In Storie dell’occhio il processo avviato (da De Marco) viene magnificamente condotto a ulteriori conseguenze, senza cedimenti didattici, perché al riparo di un’intenzione (a propria volta artistica) di cui nessun “documentario” banalmente inteso potrebbe avvalersi. Come già detto, nel primo capitolo una donna è guardata nel suo (non) guardare la pittura di De Marco, e sotto di essa quelle dei maestri ferraresi di Schifanoia, e tra questa e quelle le innumerevoli immemorabili altre pitture che la fruizione ha sedimentato.

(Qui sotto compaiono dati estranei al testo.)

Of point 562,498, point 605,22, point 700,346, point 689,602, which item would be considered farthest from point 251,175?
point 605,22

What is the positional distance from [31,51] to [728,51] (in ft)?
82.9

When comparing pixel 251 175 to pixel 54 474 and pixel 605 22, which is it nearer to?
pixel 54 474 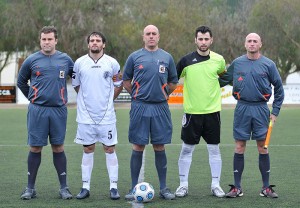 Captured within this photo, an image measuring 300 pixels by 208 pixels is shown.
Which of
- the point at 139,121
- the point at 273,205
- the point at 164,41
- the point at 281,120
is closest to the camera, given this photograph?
Answer: the point at 273,205

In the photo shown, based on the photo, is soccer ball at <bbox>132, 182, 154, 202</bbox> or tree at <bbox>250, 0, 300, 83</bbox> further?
tree at <bbox>250, 0, 300, 83</bbox>

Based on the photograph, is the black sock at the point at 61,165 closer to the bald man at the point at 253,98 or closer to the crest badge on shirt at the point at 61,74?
the crest badge on shirt at the point at 61,74

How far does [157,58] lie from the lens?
28.4 ft

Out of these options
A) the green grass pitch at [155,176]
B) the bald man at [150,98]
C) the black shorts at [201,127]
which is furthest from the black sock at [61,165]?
the black shorts at [201,127]

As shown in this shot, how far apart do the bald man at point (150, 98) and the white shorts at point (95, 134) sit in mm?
266

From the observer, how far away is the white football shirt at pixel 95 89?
8.59m

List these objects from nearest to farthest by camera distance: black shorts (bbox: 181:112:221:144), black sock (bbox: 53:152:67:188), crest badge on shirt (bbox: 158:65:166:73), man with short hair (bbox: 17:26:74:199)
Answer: man with short hair (bbox: 17:26:74:199) < crest badge on shirt (bbox: 158:65:166:73) < black sock (bbox: 53:152:67:188) < black shorts (bbox: 181:112:221:144)

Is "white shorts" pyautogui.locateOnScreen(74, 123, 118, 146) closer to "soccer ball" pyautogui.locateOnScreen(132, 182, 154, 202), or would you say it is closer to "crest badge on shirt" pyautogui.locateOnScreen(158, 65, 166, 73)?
"soccer ball" pyautogui.locateOnScreen(132, 182, 154, 202)

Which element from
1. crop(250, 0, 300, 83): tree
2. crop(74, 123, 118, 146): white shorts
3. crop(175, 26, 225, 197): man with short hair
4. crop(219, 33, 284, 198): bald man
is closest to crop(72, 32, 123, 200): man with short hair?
crop(74, 123, 118, 146): white shorts

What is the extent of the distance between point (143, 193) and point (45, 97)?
5.36ft

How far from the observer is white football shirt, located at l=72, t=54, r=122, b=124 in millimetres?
8594

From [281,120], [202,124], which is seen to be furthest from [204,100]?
[281,120]

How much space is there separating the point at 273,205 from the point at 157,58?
7.26 feet

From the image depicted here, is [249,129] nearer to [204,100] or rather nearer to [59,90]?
[204,100]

Il suo (non) sguardo condensa la potenza dell’immagine, il carne della (non) percezione di ciò che essa (non) rappresenta, la tumefazione del visibile che rimbalza sulla superficie per statuirne la linguisticità estetica... Alla fine: lo spessore del significante.
Nel secondo e nel terzo (breve) capitolo la cinepresa si erge a occhio unico e dispotico. Ma nel suo errare sulle immagini (di Schifanoia in leit motiv, intercalandovi tuttavia citazioni o accostamenti improbabili a materiale iconografico eterogeneo e ovviamente ancora richiami all’intervento di De Marco) si accosta ad esse in base a scelte – inquadrature, carrelli, zoom, sfocature... – che spingono la macchina verso un utilizzo al limite delle sue possibilità tecniche e, pertanto, schiacciano il vedere verso il confine della propria insussistenza, senza dubbio in modo rammemorativo dell’antefatto piú emozionante che il cinema possa offrire in materia: la lunga sequenza non diegetica, la carrellata esplorativa sugli affreschi e sulle tavole di Andrej Rublëv, che conclude l’omonimo film di Tarkovskij (1969). Quasi inutile insistere, lo spessore dello sguardo sfida qui la cecità che in esso si annida (e a cui esso si vota): sia ritrovandola (ritrovandosi) nel delirio delle immagini “restituite” – quelle dei ferraresi antichi e quelle del pictor novissimus – sia costruendola (costruendosi) in quanto visione inturgidita fino al parossismo dal (nel) linguaggio cinematografico. E il suggello che si potrà apporre a questa duplice sfida sprigiona il bagliore di una rivelazione, dato che recita cosí: poiché si tratta infine dello stesso spessore e della stessa cecità, poiché sono infine le stesse immagini, e quindi la stessa cosa.